▸ TASK TO COMPLETE
Although the records contain pictures, repeat only the text of every line exactly.

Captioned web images
* * * * * * * * *
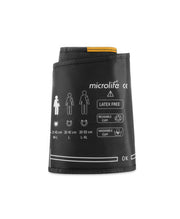 Microlife Bracciale Universale Soft per misuratore di pressione arteriosa Taglia M 1 pezzo-2
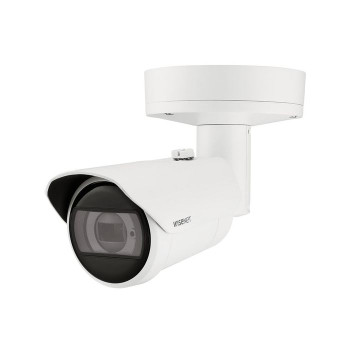 Hanwha XNO-C7083R 4MP AI IR Bullet Camera XNO-C7083R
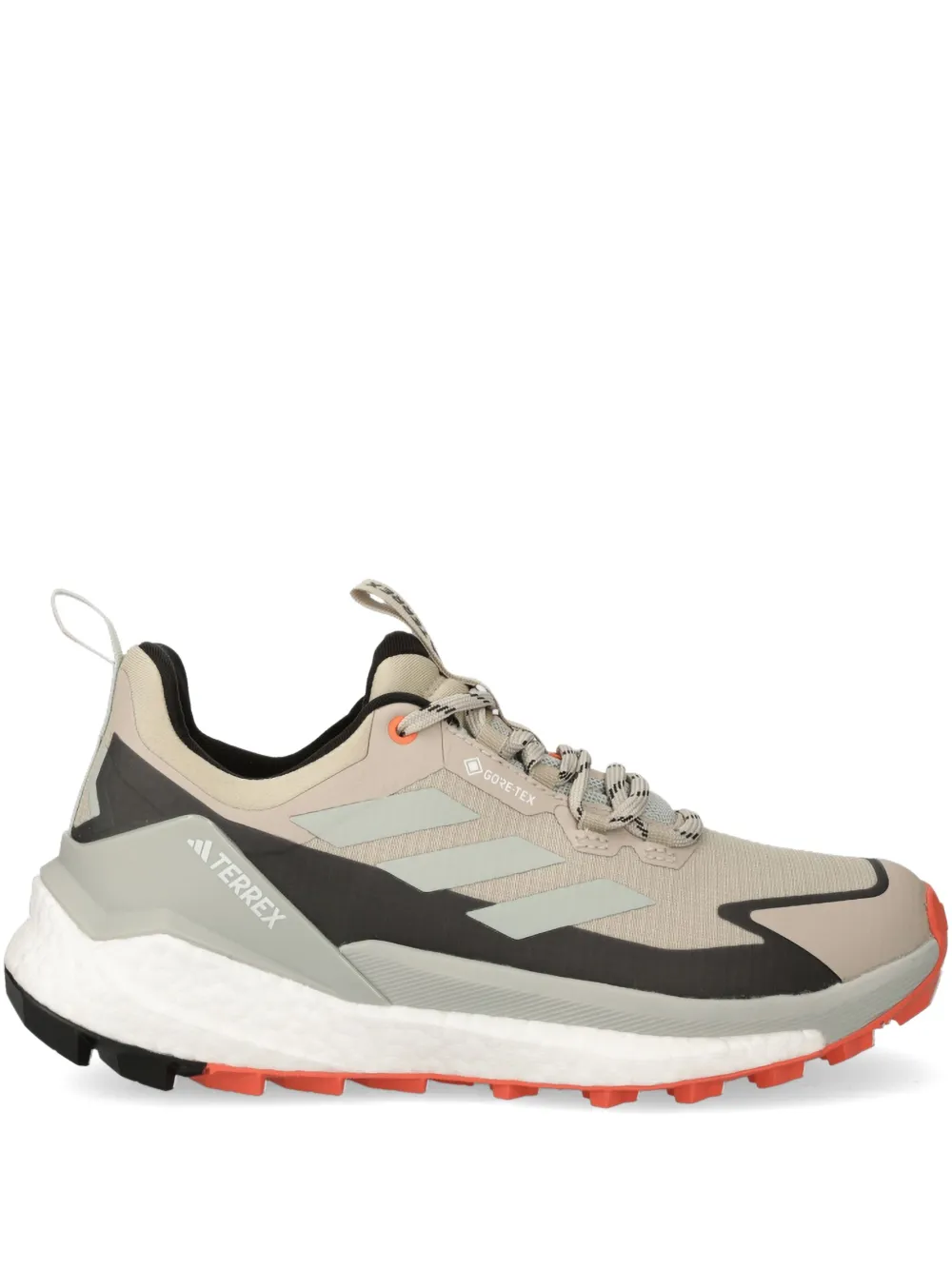 Adidas Terrex Free Hiker 2 trainers Brown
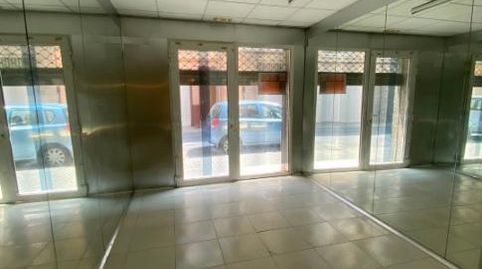 Commercial properties for sale in Calle Menéndez Pelayo, 57, El Carril - Paseo de Chapi, Villena - image 2 Photo 2 of Commercial properties for sale in Calle Menéndez Pelayo, 57, El Carril - Paseo de Chapi, Villena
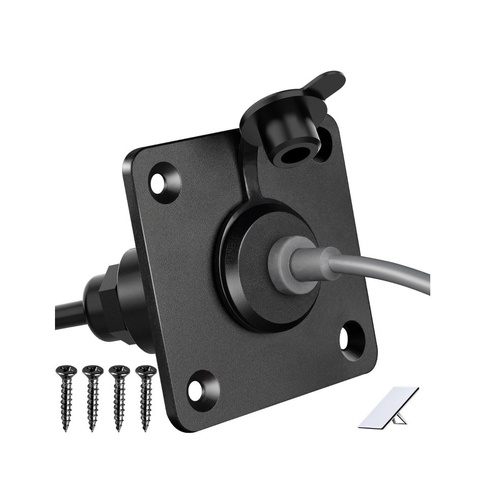 Starlink Mini Aluminum Wall Pass Through Kit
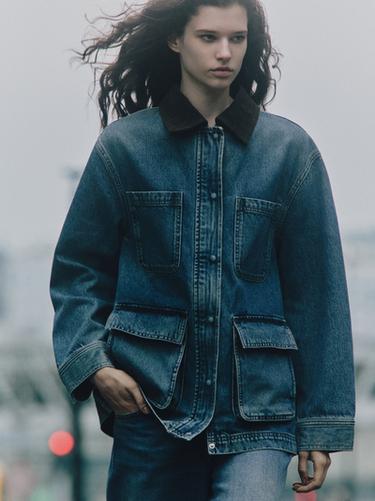 Zara LOOK - 429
* * * * * * * * *
▸ SOLVED PROBLEM
 Microlife Bracciale Universale Soft per misuratore di pressione arteriosa Taglia M 1 pezzo-2
 Hanwha XNO-C7083R 4MP AI IR Bullet Camera XNO-C7083R
 Adidas Terrex Free Hiker 2 trainers Brown
 Commercial properties for sale in Calle Menéndez Pelayo, 57, El Carril - Paseo de Chapi, Villena - image 2 Photo 2 of Commercial properties for sale in Calle Menéndez Pelayo, 57, El Carril - Paseo de Chapi, Villena
 Starlink Mini Aluminum Wall Pass Through Kit
 Zara LOOK - 429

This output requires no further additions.